Try it —
Pick out and copy every line below that has the word "data".

Given information —
==================================================
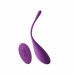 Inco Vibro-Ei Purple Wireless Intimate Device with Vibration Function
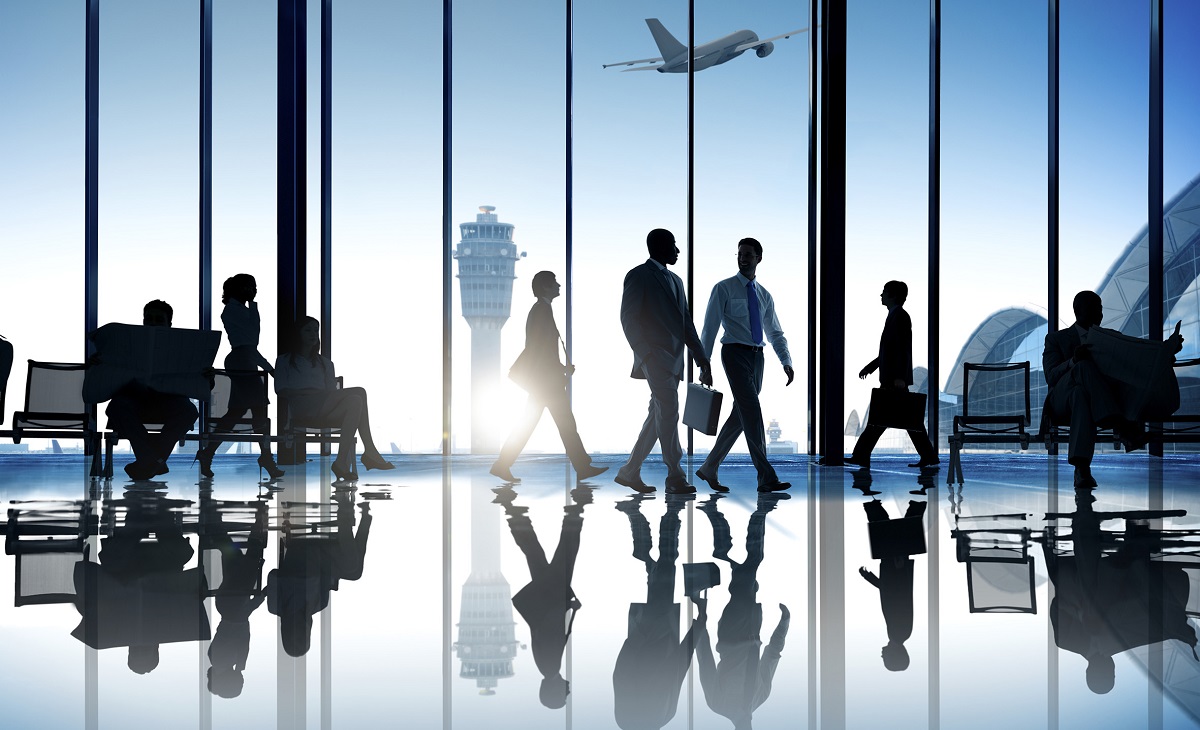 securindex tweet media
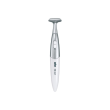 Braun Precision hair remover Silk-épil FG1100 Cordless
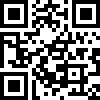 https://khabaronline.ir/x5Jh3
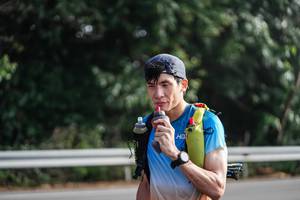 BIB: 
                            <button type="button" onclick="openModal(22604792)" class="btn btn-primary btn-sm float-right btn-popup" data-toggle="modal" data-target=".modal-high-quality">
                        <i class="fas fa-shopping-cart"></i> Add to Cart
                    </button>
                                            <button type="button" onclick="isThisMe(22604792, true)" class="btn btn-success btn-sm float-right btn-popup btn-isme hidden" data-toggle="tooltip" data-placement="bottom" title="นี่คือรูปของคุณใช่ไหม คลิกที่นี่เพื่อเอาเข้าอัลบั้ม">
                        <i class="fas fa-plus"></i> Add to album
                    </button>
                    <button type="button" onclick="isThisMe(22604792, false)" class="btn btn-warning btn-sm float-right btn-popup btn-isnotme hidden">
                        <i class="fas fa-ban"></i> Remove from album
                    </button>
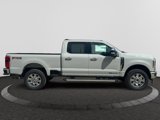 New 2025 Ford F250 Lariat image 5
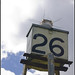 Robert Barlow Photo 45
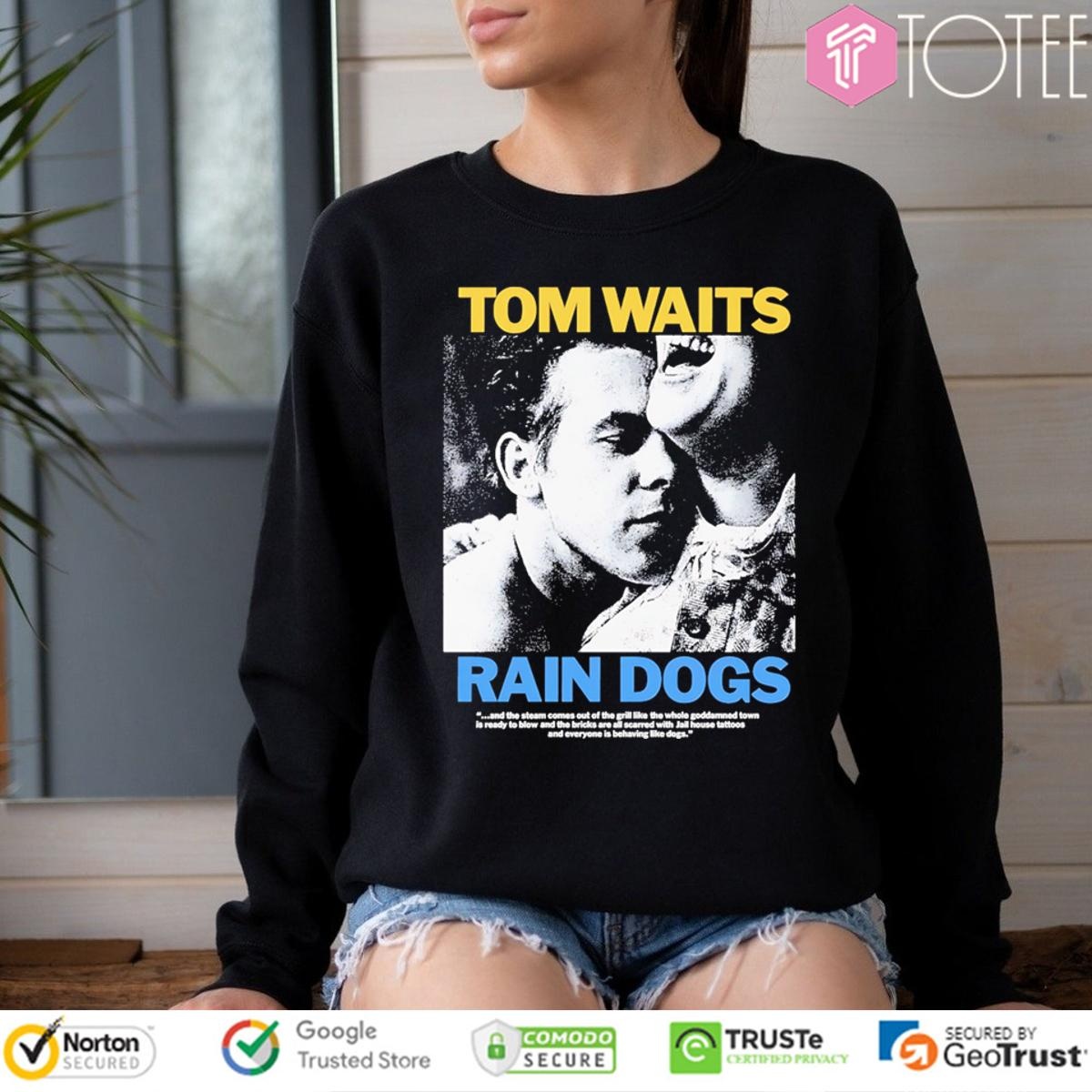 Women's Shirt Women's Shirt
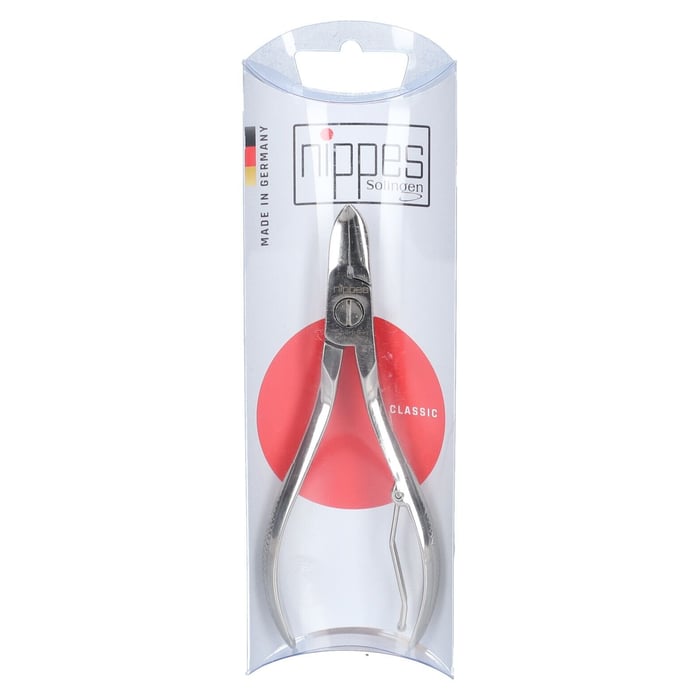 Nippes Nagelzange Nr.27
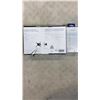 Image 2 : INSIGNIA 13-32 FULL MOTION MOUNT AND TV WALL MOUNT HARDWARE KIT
==================================================
Answer below —
                            <button type="button" onclick="openModal(22604792)" class="btn btn-primary btn-sm float-right btn-popup" data-toggle="modal" data-target=".modal-high-quality">
                                            <button type="button" onclick="isThisMe(22604792, true)" class="btn btn-success btn-sm float-right btn-popup btn-isme hidden" data-toggle="tooltip" data-placement="bottom" title="นี่คือรูปของคุณใช่ไหม คลิกที่นี่เพื่อเอาเข้าอัลบั้ม">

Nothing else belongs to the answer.